The family noted that it would be better for the governor to dissolve the council than subjecting it to public ridicule and rendering it “toothless and irrelevant”.
Entitled ‘Memorandum on Chiefs Amendment Law, 2023, Section 28’, the memo described government’s attempt “to clip the wings of the state council of obas and chiefs” as a dangerous trend.
Such trend, they said, would bastardise the age-long traditional and customary administrative system that had sustained the civilisation and heritage at the grassroots level of governance.
The memorandum noted that the passage of the amendment would turn traditional rulers into puns in the hands of politicians, enthrone a new era of nepotism, favouritism and influence peddling.
It added that conferment of beaded crowns might be turned into trophies for political servitude and awards to the highest bidders or the best connected.
Describing the proposed amendment as ‘dictatorial and usurpative’, the princes faulted government’s justification for the move, saying it was to regulate chieftaincies, in line with the dictates of modern society.
According to them, in Britain, it is public knowledge that the Prime Minister does not interfere in the selection process and the coronation of the Queen and the King.
“The law empowers the governor to specify, that is, to name or state explicitly or in details, the chieftaincy holders and those entitled to wear beaded crowns.
“Our understanding of this clause of the law is that the governor is the nominator, the specifier, the approving officer and the donor of the beaded crown to whomsoever His Excellency decides to favour.
“Royal fathers in Yoruba land are fathers of all their subjects, including those in governance.

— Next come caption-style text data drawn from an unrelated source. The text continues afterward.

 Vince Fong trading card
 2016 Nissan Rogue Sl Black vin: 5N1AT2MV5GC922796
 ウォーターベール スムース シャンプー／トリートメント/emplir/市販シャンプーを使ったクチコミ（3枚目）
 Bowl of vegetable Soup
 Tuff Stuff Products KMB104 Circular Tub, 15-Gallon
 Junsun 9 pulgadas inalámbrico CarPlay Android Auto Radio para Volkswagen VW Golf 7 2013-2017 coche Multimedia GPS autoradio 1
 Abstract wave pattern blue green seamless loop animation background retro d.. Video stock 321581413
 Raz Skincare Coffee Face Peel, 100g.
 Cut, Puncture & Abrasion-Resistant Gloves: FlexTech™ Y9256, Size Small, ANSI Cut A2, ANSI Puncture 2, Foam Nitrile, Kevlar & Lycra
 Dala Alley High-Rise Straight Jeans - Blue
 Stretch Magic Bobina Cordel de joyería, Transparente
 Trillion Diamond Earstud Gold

But by this new law, the tail will be wagging the dog,” they said.
The family said that the innovation was strange to Yoruba custom and culture since most recognised chieftaincies provide for the following steps: family nomination, kingmakers’ recommendations, which also include community acceptance and support, and government scrutiny, approval and pronouncement.
“In the sensitive matter of beaded crown, the traditional system calls for a normal request or application and production of ample support to justify the request.

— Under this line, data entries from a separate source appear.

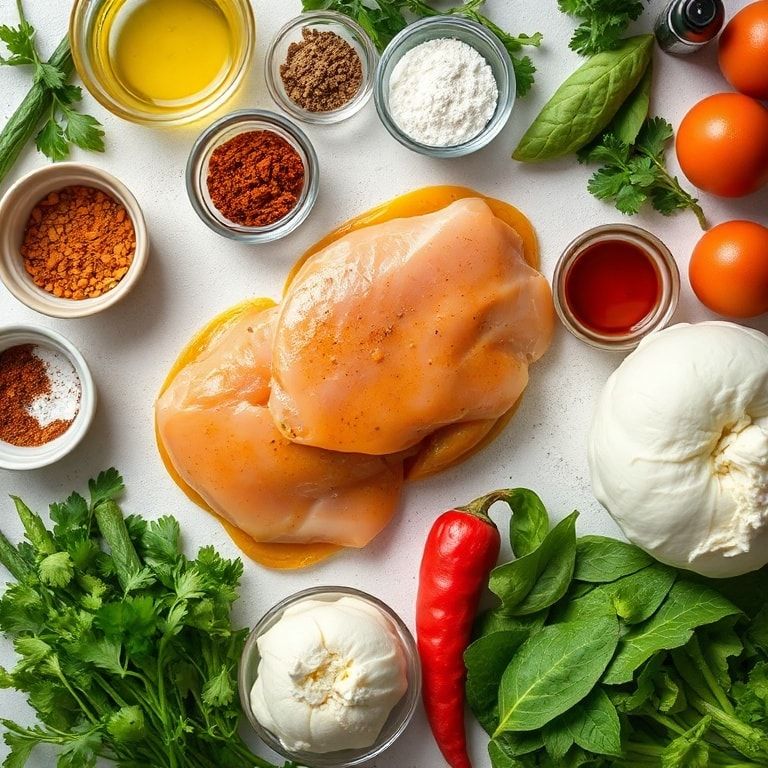 Ingredients for Chicken in Spicy Creamy Sauce (Easy 5‑Step Recipe): Quick & Flavorful Dinner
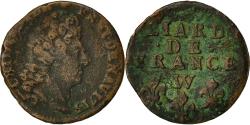 World Coins - Coin, France, Liard, 1713, Lille, , Copper, Gadoury:82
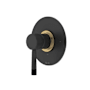 Rohl Amahle Pressure Balanced Valve Trim Only with Single Lever Handle - Less Rough In Matte Black / Antique Gold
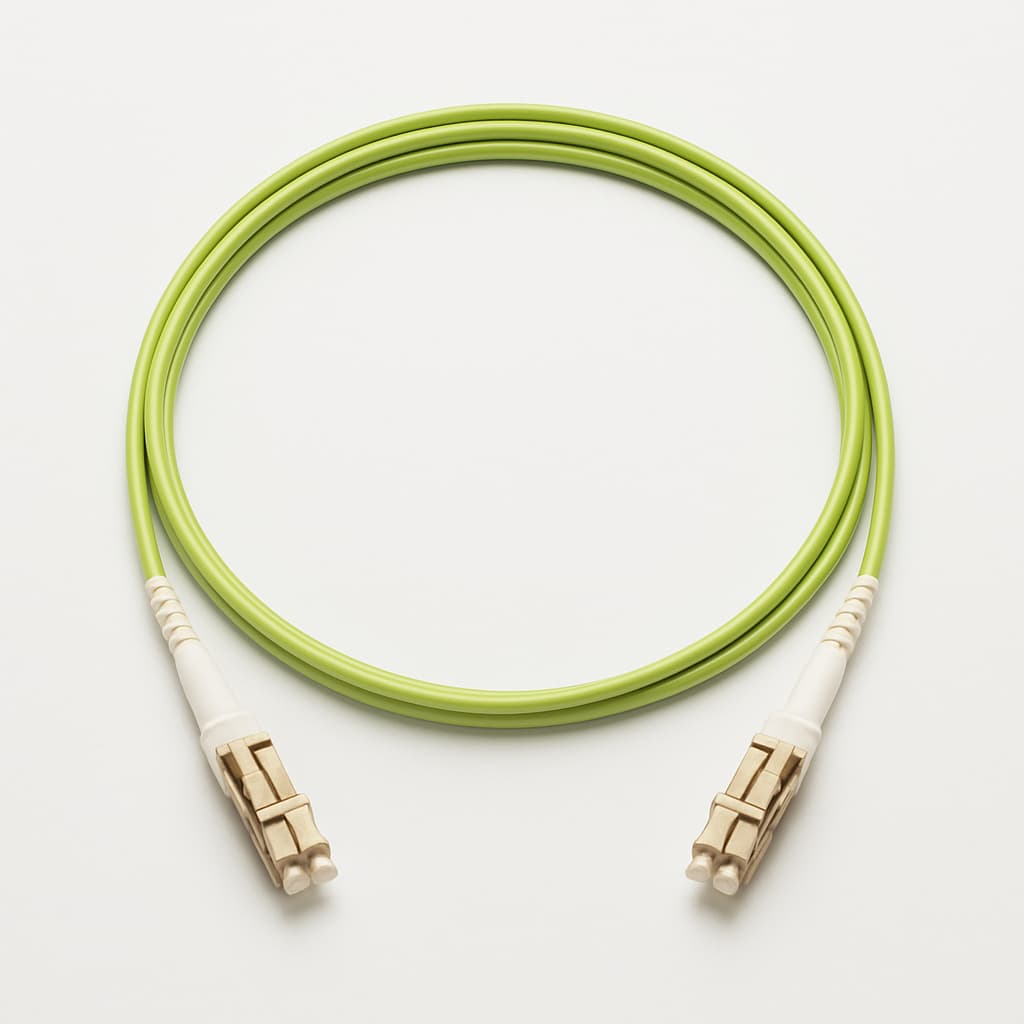 Telegaertner L00871U0009 FO Patch Cord 2xG50/125 OM5 2.0 m — illustrative AI-generated image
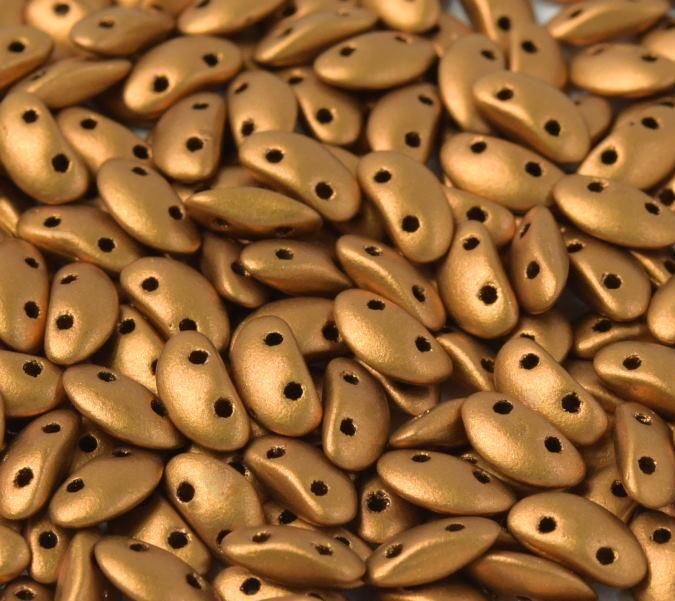Margele Mobyduo 3x8mm 01740 Brass Gold — Imaginea 1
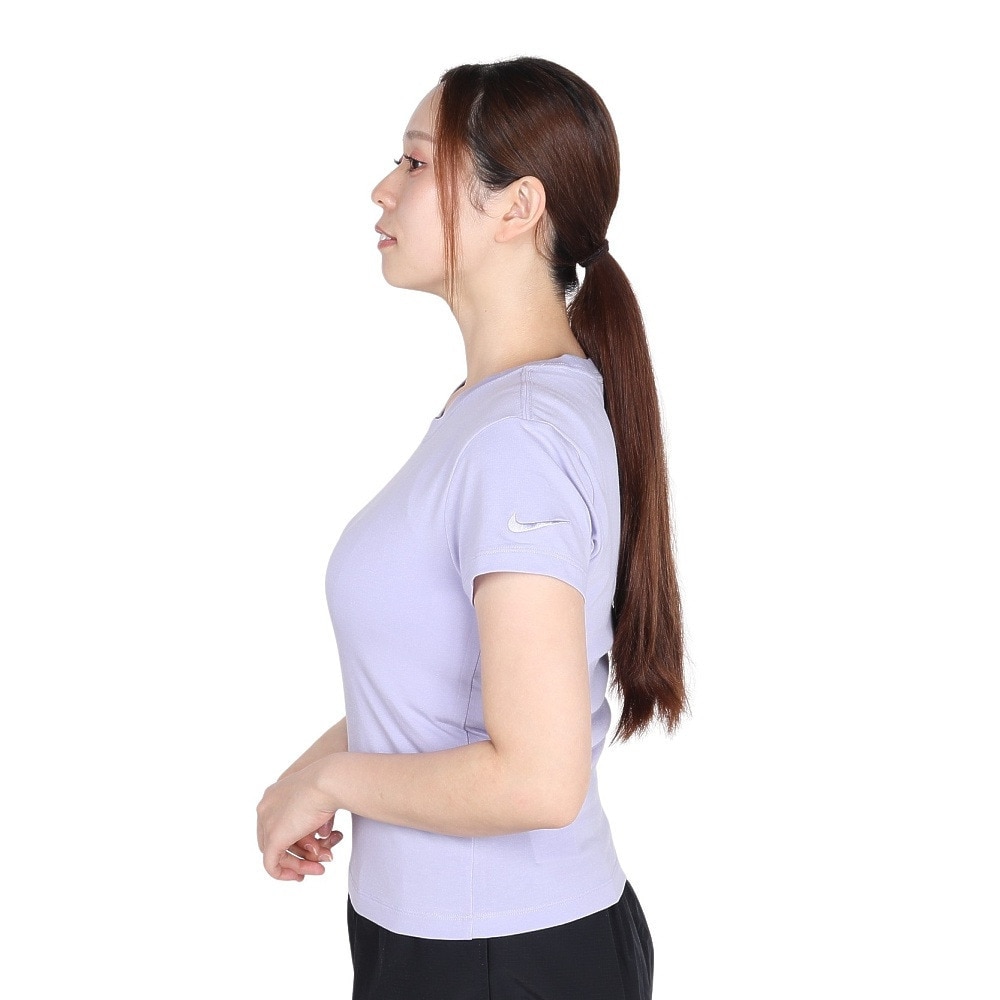 ナイキ（NIKE）（レディース）スポーツウェア チル ニット MD クロップ 半袖Tシャツ IB7567-599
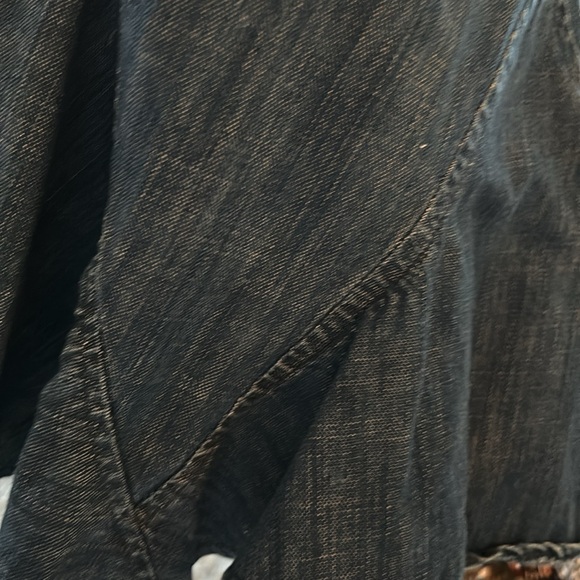 J Jill Long Denim Skirt - Picture 3 of 4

“These include details and developmental evidences, as was the case when the Alaafin of Oyo presented the cases of the Aseyin, Olubadan and Soun to the council of obas and chiefs,” they said.
The princes said that the new law sought to throw away the cherished neat, democratic, unique and popular system and replace it with a dictatorial, manipulative, secretive and anti-traditional system.
They said that such could only weaken the public interest and respect for beaded crowns and the wearers of the selectively donated crowns and coronets.
The family said that the emergence of handpicked traditional rulers without historical roots and history of heritage of kingship would also make mockery of their once respected and time honoured traditional system.
“We plead with the governor and house of assembly to avoid giving room to the popular suspicion of seeking to donate compensatory crowns and chieftaincy titles.
“They (lawmakers) should not donate compensatory crowns and chieftaincy titles to some well-known title holders who recently lost their well-publicised crowns to the ascension of a prominent traditional ruler,” they said.
They also appealed to the assembly and the governor not to create strange and alien chieftaincies that might tend to polarise rather than unite their peaceful communities.
The princes suggested that instead of going ahead with the amendment in defiance of widespread outcry, government should consider reconstituting the council of obas and chiefs by ensuring that the council functioned adequately.
They also advised government to appoint a committee of traditional rulers to review the chieftaincy law in order to give it the required ‘modern’ face and colour.
The family urged government to empower the council to deal expeditiously with any urgent or outstanding issue of crowns and coronets to remove the anxiety and concerns of some of communities.
They urged government to leave the kings and chiefs to perform their statutory duties in accordance with the traditions and customs of each city and community, as approved by the law.